A digital camera consists of an optical component, a digital sensor component, image processing circuitry, camera system circuitry, and a file storage component. Each of these component types have undergone, and continue to undergo, evolution. A problem that emerges is the issue of obsolescence. As each component in a camera system is updated, the overall system becomes obsolete, much like a computer. This constant updating and obsolescence forces users to upgrade to newer camera technology every few years.
The history of digital imaging is a story of filtration solutions to optical and digital aberrations. To solve these image aberrations, engineers have used integrated circuits and software techniques to address specific problems. For example, aliasing and moireé effects have been solved by applying anti-aliasing and low-pass filters that contain complex software algorithms. Further, the problem of optical aberrations, such as vignetting, pin cushioning and chromatic aberrations, are filtered by applying digital solutions. The need to improve these solutions forces the camera circuitry to be upgraded periodically, which creates the problem of obsolescence.
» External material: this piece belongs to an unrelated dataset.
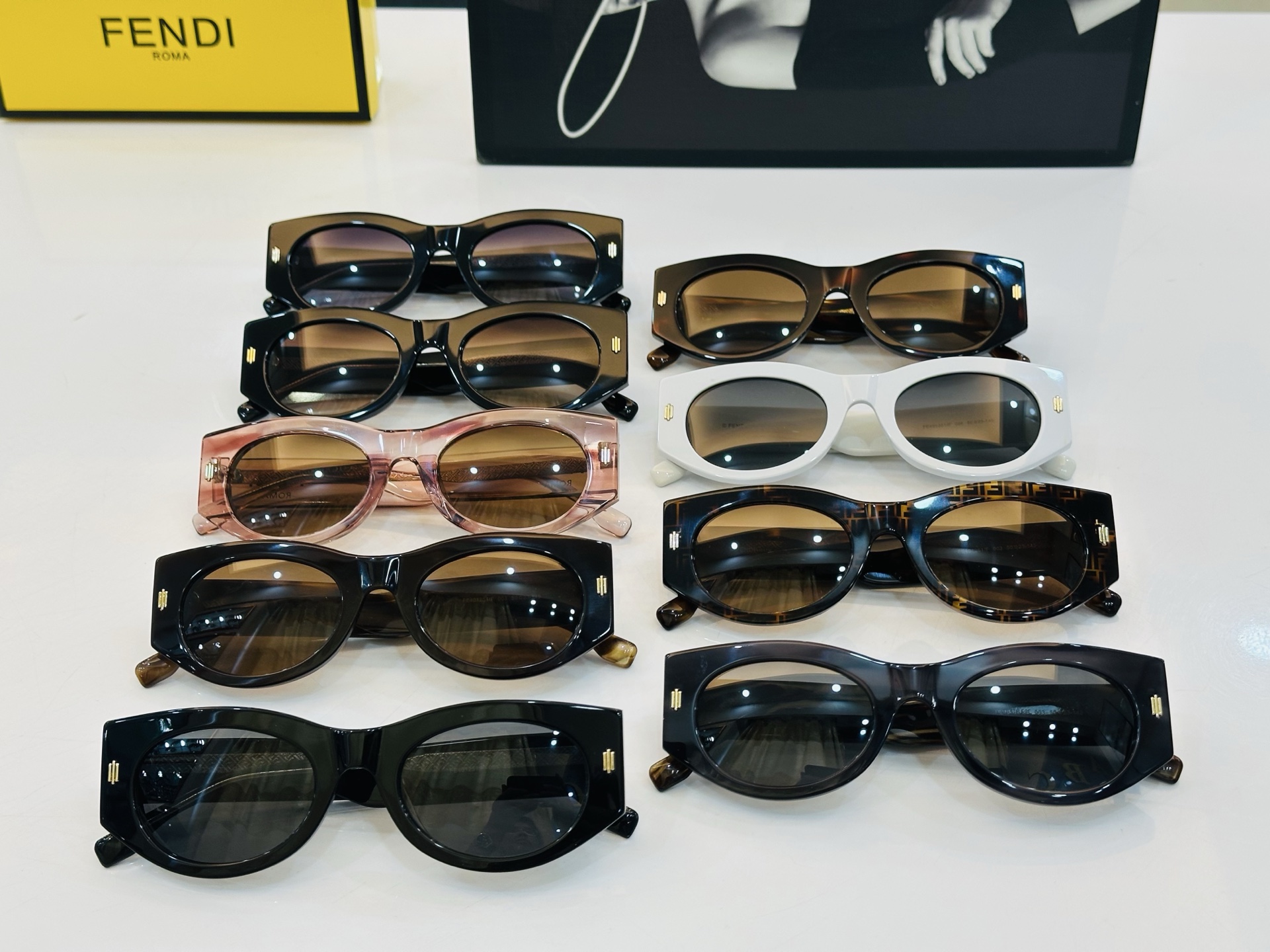 。新款FEND* FE  Size：50口23-145 🎁芬家 😀👏时尚经典  F太阳镜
As camera elements have gotten smaller and more efficient, cameras have become ubiquitous. It is common to find camera components embedded in wireless phones and devices (PDAs), tablets and mobile computers. Not only are these optical systems able to process still digital images, but they are also able to capture, process, filter and manage digital video images. The problem remains, however, whether in digital cameras, digital video cameras or wireless devices with camera components, that the quality of the image produced is often poor. The smaller and cheaper the digital camera, digital video camera or digital optical device, the more problematic the image quality becomes.
So far, the idea of the digital camera has been limited to a device which contains integrated optical components, a sensor component, digital image signal processing circuitry, digital image filtration circuitry and digital file storage circuitry. However, each of these integrated components may be improved upon in a modular way and disintegrated in successor upgraded imaging devices.
It is possible to use digital imaging technologies to improve digital image problems such as optical and digital aberrations. Solomon (U.S. Pat. No. 7,612,805) has developed a digital imaging system for filtration to improve optical and digital aberrations created by lens and sensor constraints. Specific digital imaging filtration techniques are available as algorithms applied to specific imaging problems.
In addition to providing filtration, digital imaging provides the opportunity to manipulate the image to user preferences. For example, it is possible to manipulate depth of field in digital images by controlling lens aperture.
The digitalization of images further allows digital files to be transmitted on computer networks for storage. Shutterfly has developed a business model based on the storage and management of digital images on computer network servers and databases for photo sharing.
The dominant model for advanced digital photography is the digital single lens reflex (D-SLR) camera. In the main, most D-SLR cameras are organized to work within one paradigm. Film-based SLR cameras operate by using a lens apparatus connected to a camera body. When a shutter button is depressed, a microprocessor in the camera activates a shutter in the camera and an aperture in the lens to capture light onto a plane of film after a mirror flips up exposing the film. The silver-halide-based film is then chemically developed and images are preserved.
In a D-SLR, when the shutter button is depressed, a microprocessor (or SoC) in the camera activates a shutter in the camera and an aperture in the lens to capture light onto a digital sensor after a mirror flips up exposing the digital sensor. The sensor is typically either a charge coupled device (CCD) or a complementary metal-oxide semiconductor (CMOS) circuit that converts light to electrons. Once the sensor is exposed to light from the lens, camera circuitry moves the data from the sensor to a digital signal processor (DSP). The DSP performs a set of functions that filter the digital image file and transfers the converted data file to camera circuitry that stores and displays the corrected image file. A microprocessor (or SoC), which accesses a database in the camera, controls the image exposure settings, the internal camera circuitry and the mechanical operations of the shutter. In some cases, the camera microprocessor circuitry provides feedback to a microprocessor in the lens in order to measure and control the lens aperture and to synchronize exposure information between the lens aperture and the camera shutter. The user is able to manipulate the lens aperture, the camera shutter speed, the camera ISO speed, the data compression rate, and, in some cases, artificial light (such as a flash). The camera circuitry converts an analog image to digital format and converts the digital file to an analog image for presentation.
When any of these digital camera components can be improved, it is unfortunately necessary to upgrade the entire camera system. This process of upgrading a camera is costly and inefficient for the user. What is needed is a modular system that is able to upgrade different camera components independently.